As Mrs Muir said in her email, your recent request for a transcript
was put before Judge Clark, who refused it. I cannot deal with a
complaint about that refusal by way of an administrative complaint.
As Mrs Muir also wrote, as you did not appeal the decision from the
hearing on 08 January 2014 to the Court of Appeal (and would now be
considerably out of time to do so), the transcript of the judgment
is of academic interest only. If you had appealed the decision,
then the Court of Appeal would have asked the EAT to transcribe the
judgment, and we would have done so.
As Mrs Muir pointed out, the EAT’s procedures are set out in its
Practice Direction, and a copy was sent to you when you lodged your
appeal, with a covering letter which emphasised its importance.
Your numbered complaints 1 to 3 seem to relate entirely to the
Employment Tribunal. This is not something I can deal with and you
should address these matters to the Employment Tribunal. I have
dealt with your complaint number 4 above.
I accept that the EAT should have replied to your email of 15
February 2014, and I add my apology that we did not to Mrs Muir’s,
but as Mrs Muir said, it is not clear in that email what you wanted
the EAT to do. The EAT’s reply would have been to say that we could
not advise you how to proceed and that any further challenge would
have to be to the Court of Appeal.
I am sorry that you remain dissatisfied with the service you have
received from the EAT. Except that we did not reply to your email
of 15 February 2014, I do not accept that there has been any
failure by the EAT.
If you are not satisfied with my response to your complaint then
you may appeal in writing to:
Communications & Customer Service Team HMCTS
1.10, 1st Floor
102 Petty France
London
SW1H 9AJ
SW1H 9AJ
Julia Johnson
Deputy Registrar Employment Appeal Tribunal
From: John Rudkin [mailto:[email address]]
Sent: 29 January 2015 11:54
To: EATAssociates
Subject: Re: PA/0940/13/DM - Mr J A Rudkin v Blackpool Council
Dear Ms. Muir,
Thank you for your response. I appreciate the fact that you have
accepted my communication as a complaint because that is what was
intended - although I may not have followed the exact procedures,
nor used wording that might be used through a professionally
supported route. My naivety (admitted) comes from the fact that
this incident, arising as it did from my ‘unfair dismissal’ claim,
through Appeal, is a first. I decided to run my own representation
on my reference to information generally available from the various
Government supported sites.
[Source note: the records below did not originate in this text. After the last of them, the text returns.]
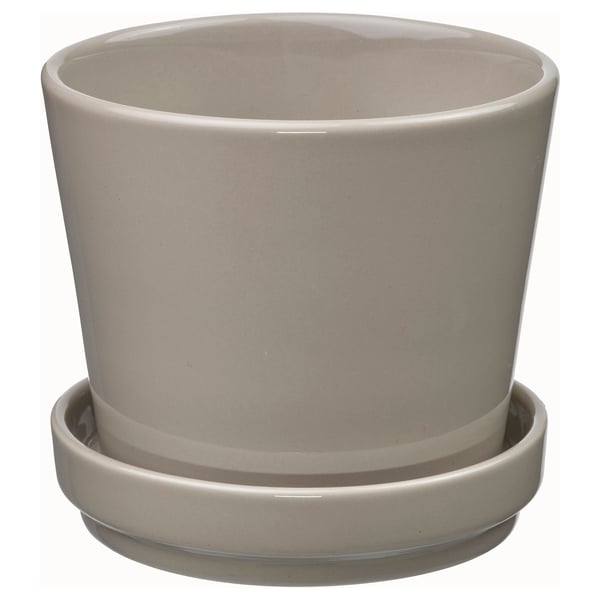 Beige stoneware planter with saucer, cylindrical design, drain holes.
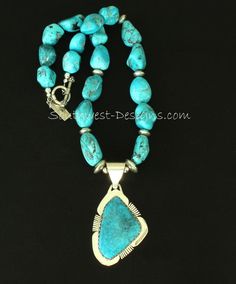 This terrific Necklace showcases a Kingman Turquoise and Sterling Silver Pendant by Nevada Silversmith Jim Daggett. The high-grade Kingman stone is rich blue with gray matrix, and shows slight traces of Pyrite which flash in the light. The Turquoise is wrapped in a handcrafted Bezel which has been cut in a sawtooth pattern along the top edge, and set on Sterling Silver Sheet which has been shaped to match the stone. The Sterling Sheet has been decoratively notched in 3 places, adding style and d Blue Turquoise Necklace With Stones, Unique Blue Turquoise Necklace With Stones, Artisan Blue Turquoise Stones Necklace, Artisan Blue Necklace With Large Stone, Southwestern Blue Chrysocolla Jewelry, Hand-strung Chrysocolla Turquoise Necklace, Hand-strung Blue Turquoise Chrysocolla Necklace, Contemporary Necklace, Pendant Bails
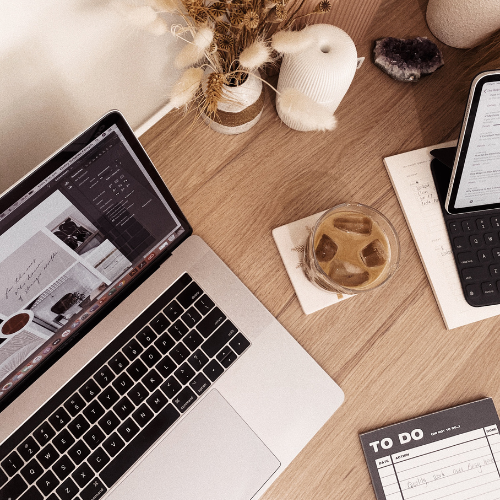 Workspace of a Toronto web designer featuring a laptop with a web design project, iced coffee, and a notepad on a wooden desk, discussing Black Friday small business strategies.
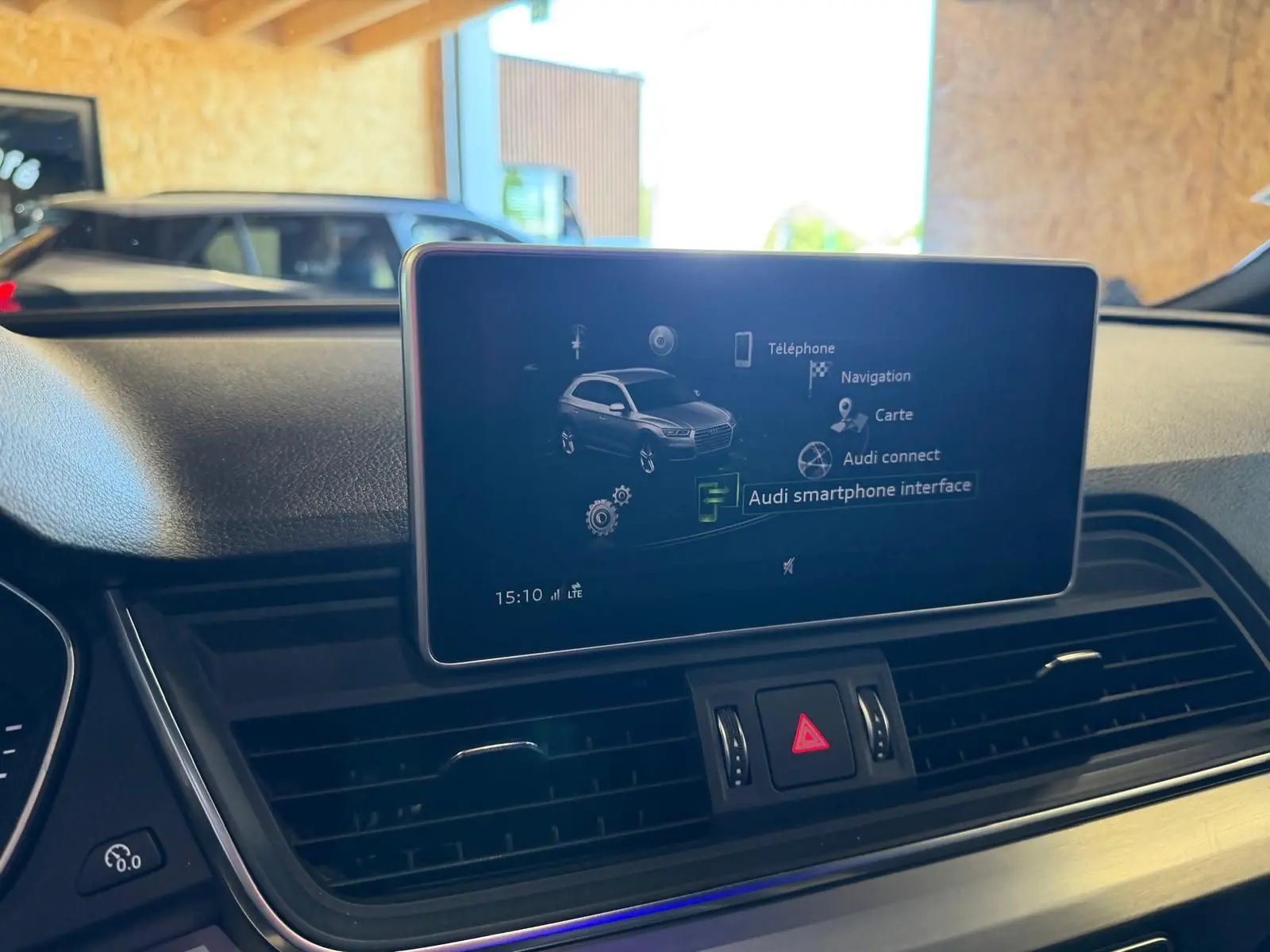Vue intérieure du tableau de bord de l'Audi Q5 Sportback gris, avec écran central affichant l'interface smartphone.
I am afraid throughout, I feel as
though I have not been given the support or patience promised.
Thank you for sending me the reference link to the complaints
procedures.
Do procedures actually NEED to be adhered to? (rhetorical question)
Your reference is useful - as was emphasised by the Judge in my
first Tribunal hearing, the importance of adhering to the agree
procedures. I could quote you verbatim from the judgement in the
judgement I requested. Unfortunately, as the Judge in my second
Tribunal hearing said,
Judge Cook: Discussion/received. "I pointed out to the respondent
(Blackpool Council) that they would have difficulty in this case in
terms of credibility as they have failed to follow their own
procedure and to have a recording of the Hearing" (They had no
notes or minutes for any meeting)
Judge Sherratt Judgement 8. “The process was not helped by the lack
of any Council minutes which was in breach of the Council’s own
procedure for required notes to be taken and produced”
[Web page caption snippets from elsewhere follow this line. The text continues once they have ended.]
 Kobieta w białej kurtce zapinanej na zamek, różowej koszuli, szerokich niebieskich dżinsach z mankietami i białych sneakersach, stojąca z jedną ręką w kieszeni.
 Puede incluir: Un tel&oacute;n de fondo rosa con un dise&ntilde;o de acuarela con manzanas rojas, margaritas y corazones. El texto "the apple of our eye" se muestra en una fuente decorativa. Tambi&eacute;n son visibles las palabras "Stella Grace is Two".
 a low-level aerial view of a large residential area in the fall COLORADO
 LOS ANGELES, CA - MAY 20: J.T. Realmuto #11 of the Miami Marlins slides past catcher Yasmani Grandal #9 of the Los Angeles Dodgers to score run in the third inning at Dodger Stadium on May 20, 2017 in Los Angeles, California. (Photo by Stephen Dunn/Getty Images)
Interesting, my evidence offered at ET was in audio format, and it
can prove complicit lies, attempts to bully, ageism and a damning
admission by my Manager to change his story if I took my complaints
to a third party. Judge Cook refused to admit the evidence on the
basis that in a meeting with only myself and my Manager (2)
present, I did not declare it, even though it had been done while I
was sick following an operation.
It strikes me that while I followed procedures throughout, the
importance of doing so only seems to be of importance to some
decisions, because in the end Blackpool Council’s
failures did not affect whether my case was won. I now see
procedures as less important
failures did not affect whether my case was won. I now see
procedures as less important thanks to this case.
The Judgement
I did request a copy of the judgement at the end of the EAT. The
fact that I never received a copy until I was sent it as part of my
chase up in 2014 is not just poor, it shows that the systems at the
EAT need to be changed. If neither the issuing and posting, nor the
delivery of important paperwork is acknowledged (which I had
assumed you would show me evidence of) how can you be sure you have
covered your own obligations?
My email of 15th of February 2014 was an attempt to chase up on the
outcome of my EAT - as nothing had been received.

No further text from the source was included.